BEGIN Records provided

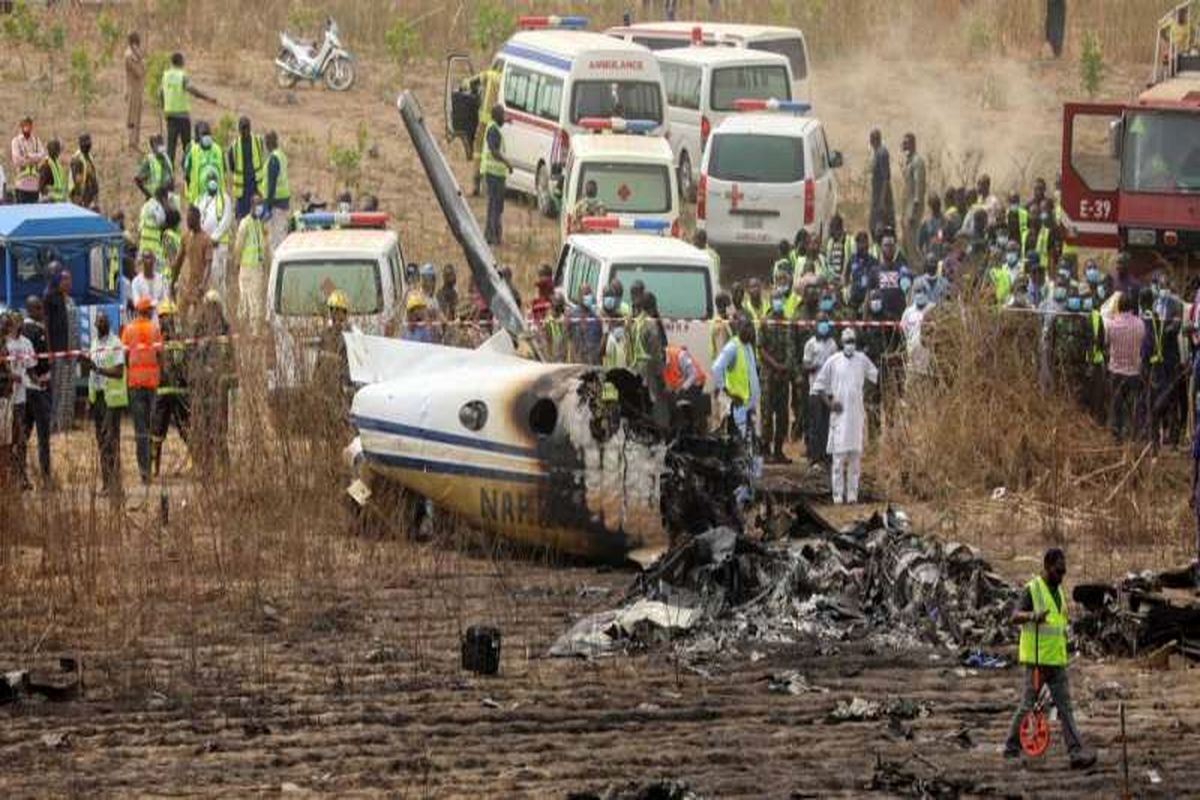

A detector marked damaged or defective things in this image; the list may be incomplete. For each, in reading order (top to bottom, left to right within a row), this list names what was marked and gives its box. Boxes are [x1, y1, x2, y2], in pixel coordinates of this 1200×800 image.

burned fuselage [348, 331, 729, 563]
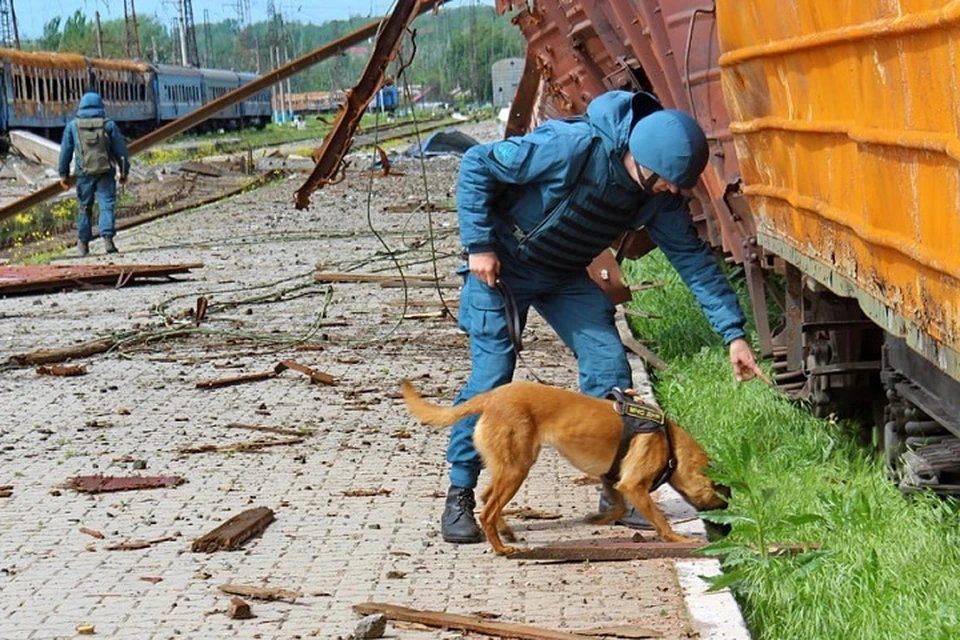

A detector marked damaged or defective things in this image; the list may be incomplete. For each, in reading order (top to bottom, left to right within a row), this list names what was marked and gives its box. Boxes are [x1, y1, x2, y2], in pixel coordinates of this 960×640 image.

rusty metal beam [0, 0, 450, 225]
rusty metal beam [292, 0, 428, 210]
damaged rail car [498, 0, 960, 492]
broken wood debris [35, 362, 86, 378]
broken wood debris [194, 360, 334, 390]
broken wood debris [178, 436, 302, 456]
broken wood debris [67, 472, 186, 492]
broken wood debris [191, 508, 274, 552]
broken wood debris [106, 536, 177, 552]
broken wood debris [506, 536, 700, 560]
broken wood debris [219, 584, 302, 604]
broken wood debris [227, 596, 253, 620]
broken wood debris [348, 604, 596, 636]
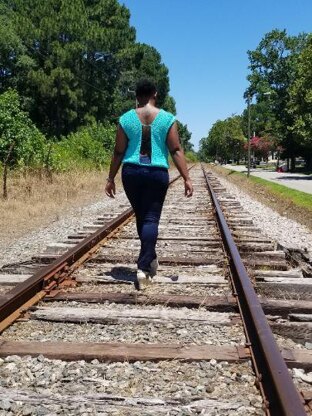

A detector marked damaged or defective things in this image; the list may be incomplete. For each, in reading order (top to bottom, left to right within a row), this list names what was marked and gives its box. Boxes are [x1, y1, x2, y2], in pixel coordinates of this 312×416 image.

rusty rail [202, 167, 308, 416]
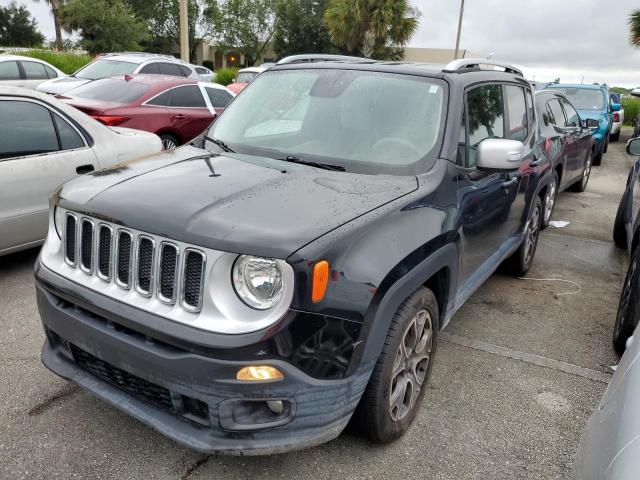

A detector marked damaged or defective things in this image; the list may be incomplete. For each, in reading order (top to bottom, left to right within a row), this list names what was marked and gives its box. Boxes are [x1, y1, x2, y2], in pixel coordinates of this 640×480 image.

crack in pavement [440, 332, 616, 384]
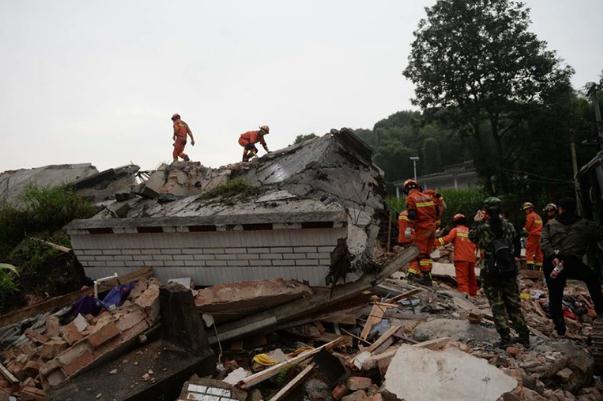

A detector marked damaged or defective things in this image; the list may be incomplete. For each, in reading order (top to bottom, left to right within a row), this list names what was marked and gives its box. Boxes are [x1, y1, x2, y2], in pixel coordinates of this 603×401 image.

broken brick [60, 318, 83, 344]
broken brick [87, 320, 120, 348]
broken concrete beam [159, 282, 209, 354]
broken concrete beam [384, 344, 516, 400]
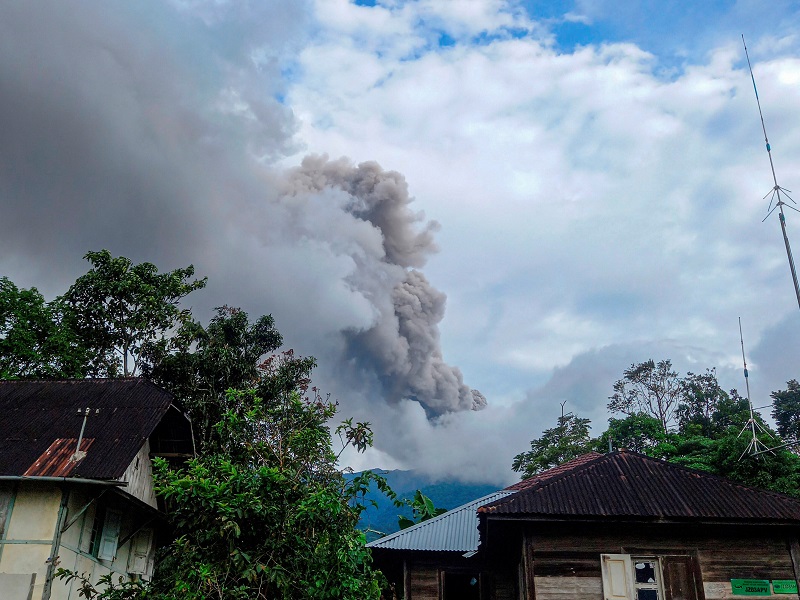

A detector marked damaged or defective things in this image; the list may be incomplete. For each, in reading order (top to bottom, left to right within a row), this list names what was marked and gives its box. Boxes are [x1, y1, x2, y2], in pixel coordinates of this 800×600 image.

rusty metal roof [0, 380, 174, 478]
rusty metal roof [482, 450, 800, 520]
rusty metal roof [366, 490, 510, 552]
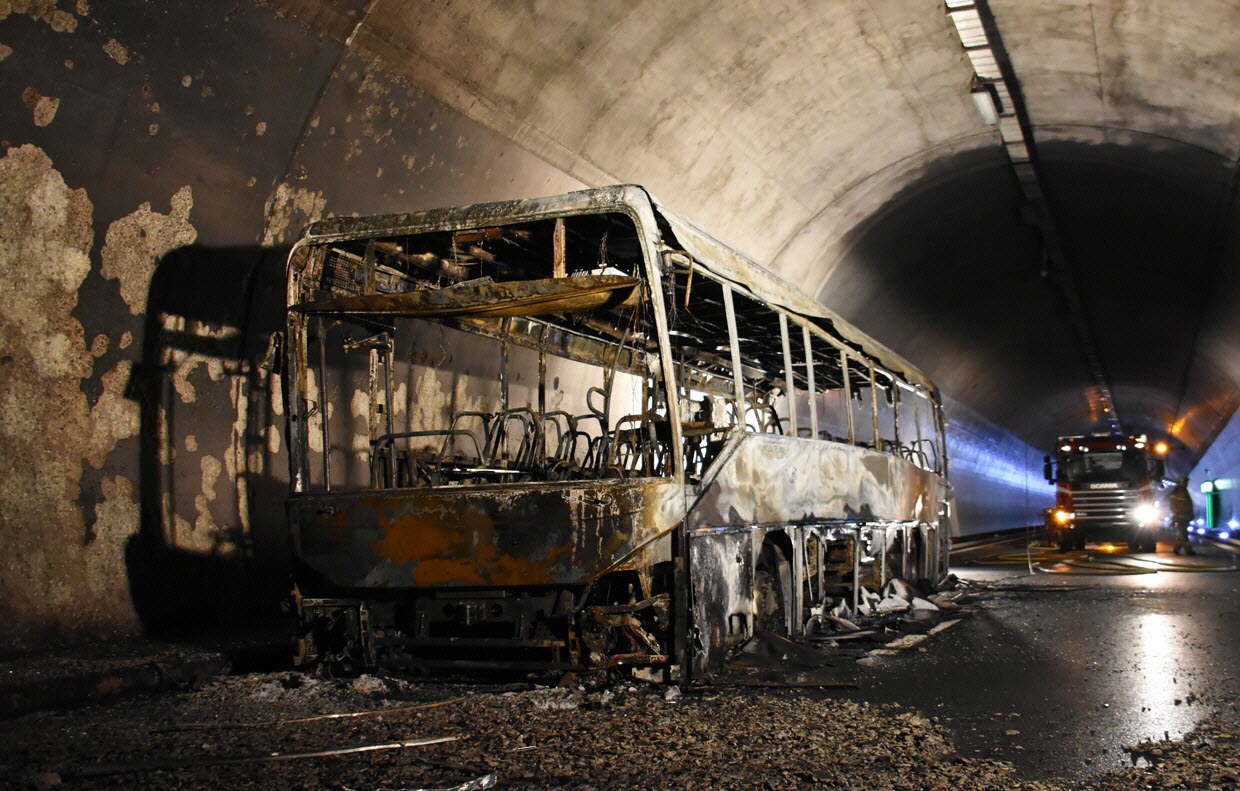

END Records provided

• _What you will do_: Only the lines from the one containing "this 640×480 image." through the final line of the records should be transcribed, exactly and with no pictures.

• _Result below_:
A detector marked damaged or defective things in this image; the list may be incomplete. For each, in reading order (top to bottom, left to right within a row), this list names what was marked and gives its box. Boxes are [x1, y1, x2, y2], in pixel coordinates of this 640×480 image.

crack in pavement [440, 332, 616, 384]

A detector marked damaged or defective things in this image; the list may be incomplete. For each, in reading order (top to bottom, left to right within a row), this list names what was marked and gives its box. Boxes are [x1, y1, x2, y2], in pixel coordinates of this 603×401 image.

broken brick [60, 318, 83, 344]
broken brick [87, 320, 120, 348]
broken concrete beam [159, 282, 209, 354]
broken concrete beam [384, 344, 516, 400]

A detector marked damaged or defective things in this image; the list may be incomplete. For each, in reading order (top to bottom, left to right within a row), this list names what was marked and gives its box. Boxes are [x1, y1, x2, y2], in pixel coordinates of this 800×600 image.

rusty metal roof [0, 380, 174, 478]
rusty metal roof [482, 450, 800, 520]
rusty metal roof [366, 490, 510, 552]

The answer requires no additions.